Deep Extragalactic VIsible Legacy Survey (DEVILS): The sSFR-M$_{\star}$ plane part II: Starbursts, SFHs and AGN Feedback

TL;DR

This study investigates how different physical processes, including stochastic star formation and AGN feedback, influence galaxy evolution across the star formation rate-stellar mass plane, revealing mass-dependent mechanisms driving galaxy quenching.

Contribution

It provides observational evidence linking AGN activity to rapid star formation decline in massive galaxies, expanding understanding of galaxy quenching mechanisms.

Findings

Low-mass galaxies show flat SFHs with high SFR dispersion due to stochastic processes.
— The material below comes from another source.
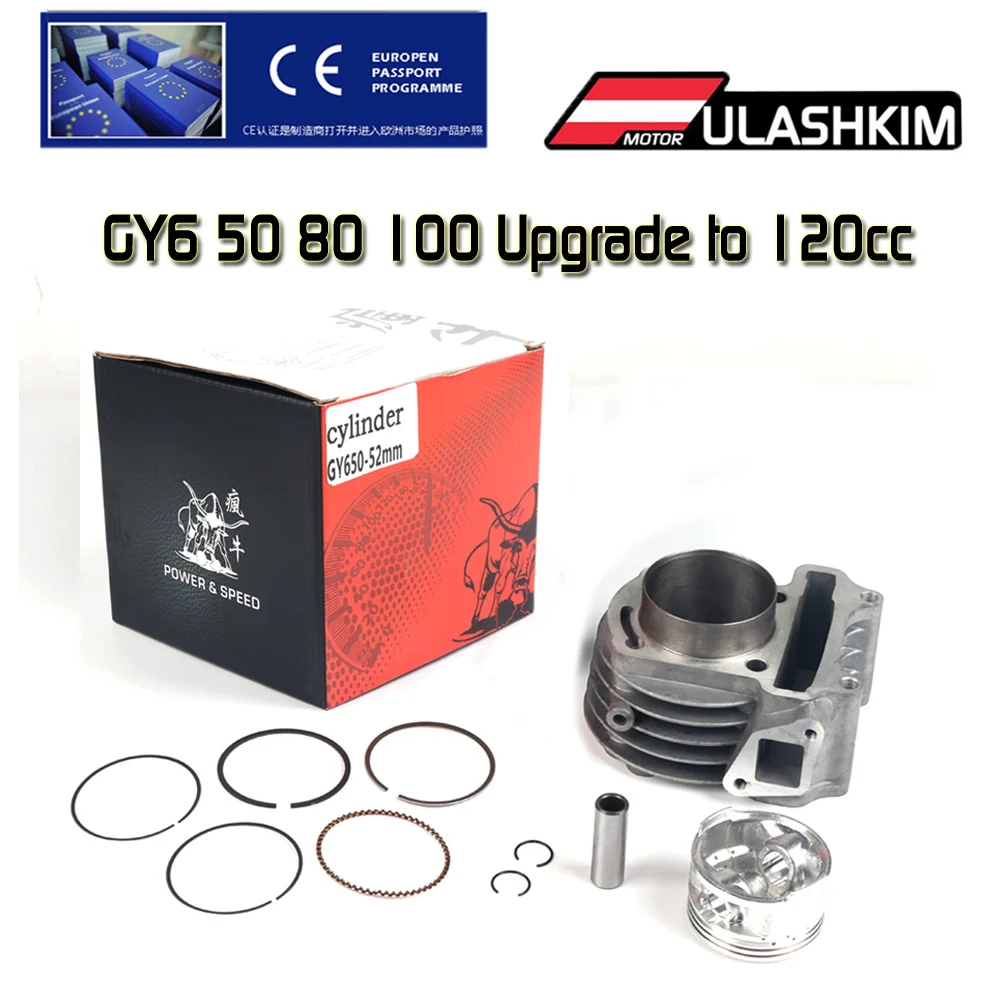 52mm Big Bore Kit Racing Cylinder For 4 stroke 139qmb 137qma GY6 50 60 80 100 Upgrade to 120 CC Add Power 20% Made In TaiWan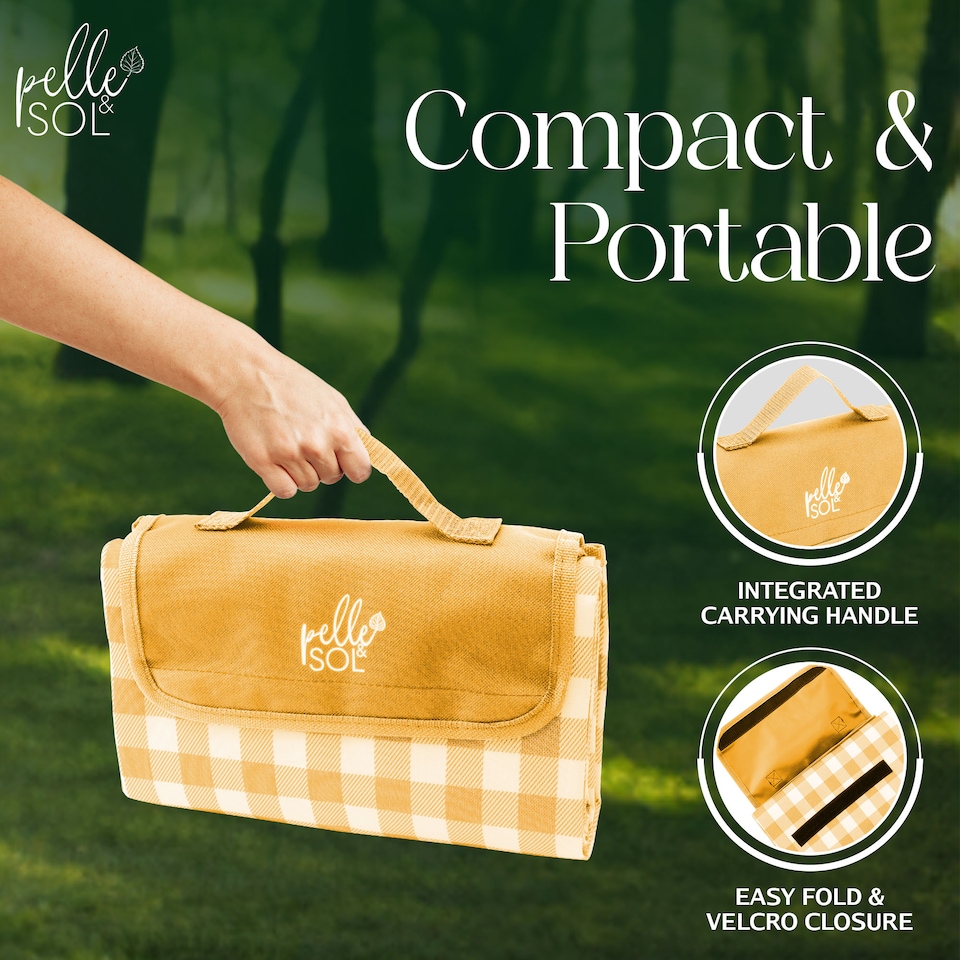 image 1 of Pelle & Sol Yellow Picnic Blanket Waterproof 200x140cm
High-mass galaxies with high SFR dispersion are associated with AGN-driven quenching.

AGN feedback is identified as the main driver of rapid star formation decline in massive galaxies.

Abstract

In part I of this series we discussed the variation of star-formation histories (SFHs) across the specific star formation rate - stellar mass plane (sSFR-M$_{\star}$) using the Deep Extragalactic VIsible Legacy Survey (DEVILS). Here we explore the physical mechanisms that are likely driving these observational trends, by comparing the properties of galaxies with common recent SFH shapes. Overall, we find that the processes shaping the movement of galaxies through the sSFR-M$_{\star}$ plane can be be largely split into two stellar mass regimes, bounded by the minimum SFR dispersion ($\sigma_{SFR}$) point. At lower stellar masses we find that large $\sigma_{SFR}$ values are likely observed due to a combination of stochastic star-formation processes and a large variety in absolute sSFR values, but relatively constant/flat SFHs. While at higher stellar masses we see strong observational evidence that Active Galactic Nuclei (AGN) are associated with rapidly declining SFHs, and that these galaxies reside in the high $\sigma_{SFR}$ region of the plane. As such, we suggest that AGN feedback, leading to galaxy quenching, is the primary driver of the high $\sigma_{SFR}$ values. These results are consistent with previous theoretical interpretations of the $\sigma_{SFR}$-M$_{\star}$ relation.